Donald Trump sob pressão

O futuro do conflito permanece incerto, para ambos os lados.

Nos últimos meses, Trump fez repetidas ameaças contra Teerã, incluindo a possibilidade de retomada de uma guerra em larga escala, e depois recuou, mas agora ele demonstra uma frustração evidente. “Toda vez que eles nos atingem, nós os atingimos 20 vezes”, disse Trump na quarta-feira.

Ele está sob forte pressão para encerrar a guerra, que causou grandes danos à economia global e provocou o maior choque de oferta de petróleo da história.

Também há consequências internas para suas ações militares, que renderam a Trump duras críticas e uma deterioração da opinião pública até mesmo entre republicanos e apoiadores do movimento MAGA.

Isso ficou evidente no mês passado, quando o Senado aprovou uma resolução destinada a retirar as forças dos EUA das hostilidades, em uma clara repreensão a Trump, embora a decisão tenha sido revertida apenas um dia depois, com alguns parlamentares republicanos mudando seus votos após conversarem com Trump e seus aliados.

A sombra da guerra pairará sobre as próximas eleições de meio de mandato, em novembro, algo que os republicanos vêm demonstrando preocupação em privado há meses, diante do crescente descontentamento dos eleitores com o conflito.

O Irã também está em uma situação delicada.
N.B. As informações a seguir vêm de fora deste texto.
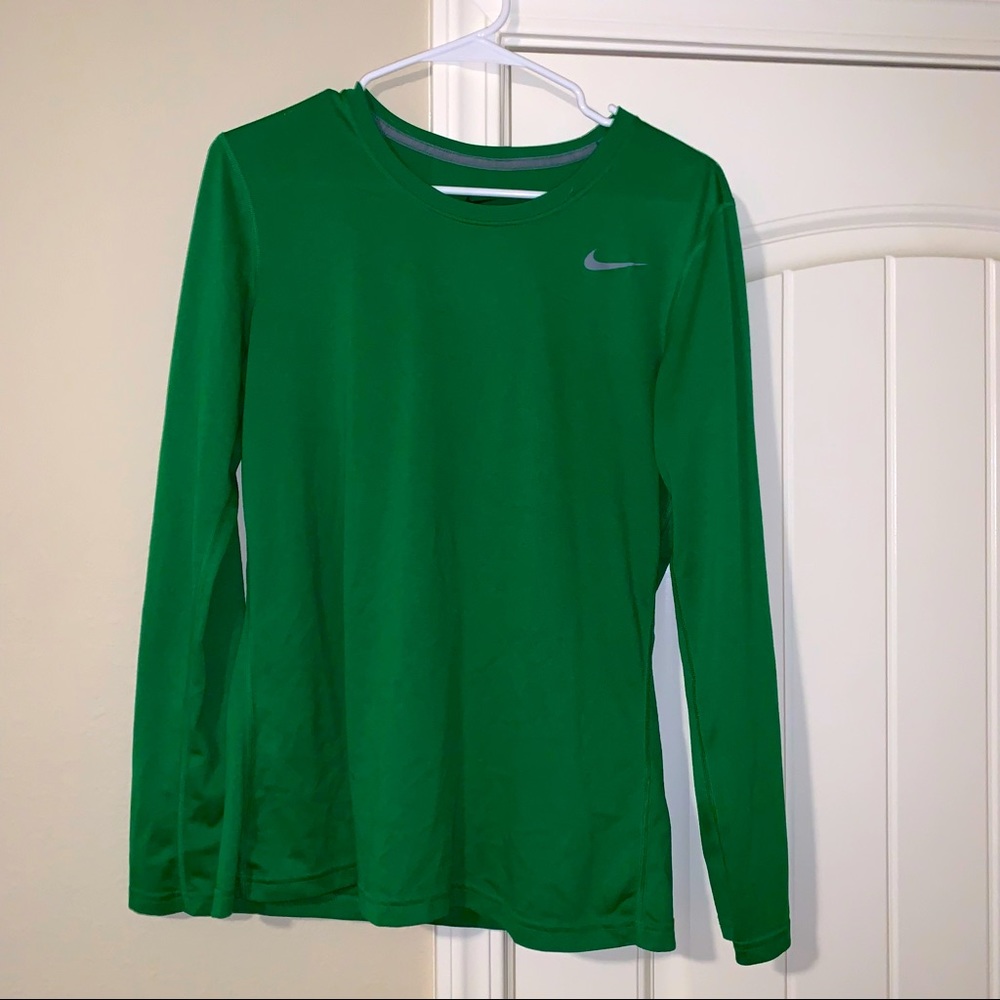 Nike Dri-Fit Long Sleeve Tee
As enormes multidões que participaram do cortejo fúnebre de Khamenei nesta semana, muitas delas pedindo vingança contra os EUA e Israel, são uma demonstração evidente de que o regime da República Islâmica permanece firmemente no poder, apesar dos golpes que sofreu do exército mais poderoso do mundo. Muitos conservadores radicais iranianos já eram contrários ao memorando de entendimento desde o início.

Mas os líderes de Teerã também sabem que sua economia está em crise e que não conseguem superar militarmente os Estados Unidos. O que podem fazer é usar seu principal ponto de pressão — o Estreito de Ormuz — para aumentar a pressão.

A questão agora é se essas tensões podem ser reduzidas — ou se irão explodir com um retorno a uma guerra total.